I've some code that uses Puppeteer that I am using to grab random words from a website that generates them. The process simulates a drop-down click, entry, and mouse click and then grabs text generated on the next page and saves it into a .json file in the cwd.
I am trying to figure out the best way to display some form of a progress descriptor of the happenings like a percentage (as I would like to have the Puppeteer code run in headless mode) but I cannot figure how I might get that to work under my current set up. Does anyone have any suggestions? Also, this is my first quarter in JS so I understand I may have done things in ways that are not polished, please be kind.
// instantiate puppeteer
const puppeteer = require('puppeteer');
// function call for puppeteer
async function launchSearch(){
// website that generates random words where the words will come from
const url = 'https://www.sodacoffee.com/words/list-generator';
// button div id to click and generate more word searches
const buttonClick = '#ctl00_ContentPane_btn';
// div id for the drop-down selector on the url asking how many results we want
const numResultsPerClick = '#ctl00_ContentPane_resultscounter';
// puppeteer browser launch options
const browser = await puppeteer.launch({
// headless == no graphical representation of the browser
headless: false,
});
// create new browser element named page
const page = await browser.newPage();
// go to word generator URL
await page.goto(url);
// variable searches DOM for div id (declared above)

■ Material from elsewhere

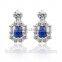 EZ-32 Crystal Micro Paving Brass Material Rhodium Plated Silver Wholesale Big Stone Earrings With Blue Zircon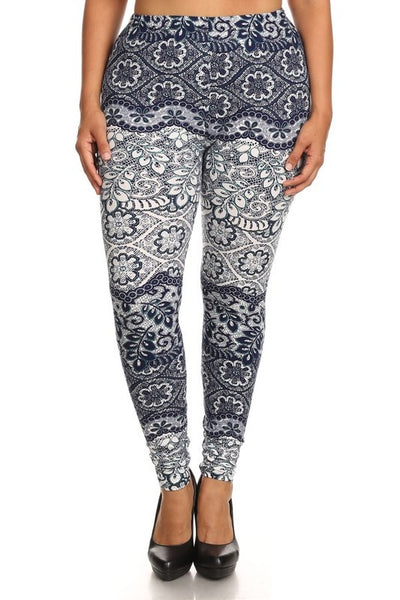 Navy Lace Print QUEEN SIZE Leggings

const numWordsScrape = await page.$(numResultsPerClick);
// select the element
await numWordsScrape.click()
// type 50 to return 50 random words
await numWordsScrape.type('50');
// to prevent some errors due to promises, Promise.all() seemed to be best to get results
await Promise.all([
// wait until the page has loaded (url)
page.waitForNavigation(),
// click button
page.click(buttonClick)
])
// site *should* have advanced forward to the next page with 50 results
const textAfterButtonClick = await page.evaluate(
// create an array from the results of the query to the DOM, and map those specific elements <tr> -> to their inner text values
() => Array.from(document.querySelectorAll('#ctl00_ContentPane_GridView1 tbody tr')
).map((elem) => elem.innerText.trim())
);
// instantiate file handling
const fs = require('fs');
const file = 'word.txt';
fs.writeFileSync('./words.json', JSON.stringify(textAfterButtonClick), err => err ?
console.log(err): null);
// close instance of browser
await browser.close();
}
launchSearch();